Por Nicole Jullian
28 de abril de 2015
Las experiencias que América Latina conoce en torno a la justicia transicional no necesariamente se destacan por haber hecho un proceso de transición responsable, basado en una justicia progresista que buscó cobijar de buena fe las demandas de las víctimas e iniciar procesos penales sin precedentes, de modo tal que se agotaran todos los medios al alcance para saber la verdad de lo ocurrido.
El mal sabor que dejaron los resultados entregados por las comisiones de la verdad y el hecho de que, por citar uno de los tantos ejemplo, el dictador Augusto Pinochet a partir de 1990 se convirtió en un ser intocable para la justicia chilena, es un claro ejemplo de que, si bien se dejaron atrás tiempos de violencia extrema donde regía la ley del fusil, la llegada de la democracia no fue suficiente para cumplir con la responsabilidad de hacer justicia, de cumplir con la verdad, de diseñar medidas de reparación y garantías de no repetición. Obviamente la culpa de esto no radica en el sistema político llamado democracia -pues los sistemas ni piensan ni actúan- sino en cada uno de los funcionarios públicos que en razón de sus competencias pudo haber hecho de la justicia transicional algo mejor, pero no lo hizo.
Gran parte de la comunidad nacional se enorgullece del mito que “Colombia es la democracia más estable del continente”, como si lo estable fuera sinónimo de buenas prácticas. En Colombia, paradojalmente un país de larga tradición democrática, las ejecuciones extrajudiciales, las desapariciones forzadas y los desplazamientos forzados están a la orden del día y son resultado del trabajo en conjunto entre la fuerza pública y los grupos paramilitares; en diciembre de 2014 el investigador, sociólogo e historiador, Miguel Ángel Beltrán, fue condenado a 8 años y 4 meses de prisión por pensar distinto e investigar acuciosamente el fenómeno de las guerrillas, mientras la condena de 40 años que recibiera Ramón Isaza por ser responsable de más de 1000 víctimas es reducida a 8 años gracias a la mal llamada ley de justicia y paz; el arma con que fuera asesinado el excandidato presidencial y líder del M-19, Carlos Pizarro, fue inexplicablemente fundida en noviembre del 2013, siendo que se trataba de una prueba fundamental en un delito calificado como de lesa humanidad; por orden directa de los presidentes Uribe y Santos los jefes máximos del paramilitarismo cumplen hoy una condena por narcotráfico en Estados Unidos, en vez de pagar condena en Colombia por los miles y miles de asesinatos llevados a cabo con un grado de sevicia que cuesta imaginar.
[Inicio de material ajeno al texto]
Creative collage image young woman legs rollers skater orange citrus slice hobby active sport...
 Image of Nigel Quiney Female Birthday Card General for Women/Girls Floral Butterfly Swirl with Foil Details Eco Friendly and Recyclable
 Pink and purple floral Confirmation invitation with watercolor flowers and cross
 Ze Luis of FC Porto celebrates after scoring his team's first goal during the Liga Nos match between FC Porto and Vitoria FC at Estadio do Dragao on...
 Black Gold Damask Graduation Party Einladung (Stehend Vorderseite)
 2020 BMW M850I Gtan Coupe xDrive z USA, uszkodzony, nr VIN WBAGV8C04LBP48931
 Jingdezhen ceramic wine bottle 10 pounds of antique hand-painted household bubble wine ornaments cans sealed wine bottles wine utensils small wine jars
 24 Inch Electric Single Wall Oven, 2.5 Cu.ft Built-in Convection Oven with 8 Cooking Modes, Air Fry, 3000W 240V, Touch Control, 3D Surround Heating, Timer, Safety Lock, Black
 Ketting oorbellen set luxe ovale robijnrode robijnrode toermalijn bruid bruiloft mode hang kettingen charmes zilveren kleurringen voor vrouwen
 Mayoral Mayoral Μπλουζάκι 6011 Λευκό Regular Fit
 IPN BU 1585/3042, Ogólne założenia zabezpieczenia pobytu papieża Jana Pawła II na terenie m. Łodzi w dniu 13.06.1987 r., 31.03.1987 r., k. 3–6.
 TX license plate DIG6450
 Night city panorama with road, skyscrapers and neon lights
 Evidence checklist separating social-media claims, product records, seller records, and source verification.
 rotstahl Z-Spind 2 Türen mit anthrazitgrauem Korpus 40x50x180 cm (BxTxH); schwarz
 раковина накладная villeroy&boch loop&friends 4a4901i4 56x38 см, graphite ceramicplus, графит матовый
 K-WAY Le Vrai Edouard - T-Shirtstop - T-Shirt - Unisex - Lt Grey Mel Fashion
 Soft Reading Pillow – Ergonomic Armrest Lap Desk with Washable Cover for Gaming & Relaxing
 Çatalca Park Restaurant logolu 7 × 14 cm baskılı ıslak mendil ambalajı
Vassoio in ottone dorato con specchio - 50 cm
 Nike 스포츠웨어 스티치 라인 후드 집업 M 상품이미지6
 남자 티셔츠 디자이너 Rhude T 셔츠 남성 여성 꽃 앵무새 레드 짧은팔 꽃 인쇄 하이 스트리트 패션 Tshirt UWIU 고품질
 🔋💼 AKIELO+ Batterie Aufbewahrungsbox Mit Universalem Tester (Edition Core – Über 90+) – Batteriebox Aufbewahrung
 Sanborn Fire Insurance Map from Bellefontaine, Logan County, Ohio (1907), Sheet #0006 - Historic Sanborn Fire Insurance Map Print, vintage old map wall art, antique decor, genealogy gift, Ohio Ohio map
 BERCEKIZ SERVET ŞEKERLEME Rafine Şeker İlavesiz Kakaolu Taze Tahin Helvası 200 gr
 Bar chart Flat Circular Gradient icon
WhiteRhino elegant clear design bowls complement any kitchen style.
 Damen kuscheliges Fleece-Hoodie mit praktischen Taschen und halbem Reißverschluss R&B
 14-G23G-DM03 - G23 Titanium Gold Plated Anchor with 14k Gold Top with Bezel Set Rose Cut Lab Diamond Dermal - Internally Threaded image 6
Colombia, sin tener que cambiar de sistema político, tendrá que probar que puede dar vuelta la página. Ahora la democracia por estable que sea, no es garantía para el buen desarrollo de un proceso de justicia transicional. En Colombia se podrá decir que algo de justicia se hace y que algo de reparación llega. ¿Pero qué me dicen de la verdad? Los juicios arrojan muy poca información sobre lo ocurrido y tampoco es que alguna institución estatal esté en estos momentos preocupada en liderar una reforma a la justicia, de tal modo que el acceso a la verdad sea más eficiente. Si no accedemos a la verdad, es imposible cumplir con las garantías de no repetición. Pues si no sabemos lo que ha ocurrido, nunca sabremos qué es lo que no se debe repetir. Sin verdad, el escenario para una justicia transicional en Colombia se avizora muy malo. Sin verdad no hay garantías para la no repetición. Y sin garantías para la no repetición no hay por donde verle el fin a este conflicto.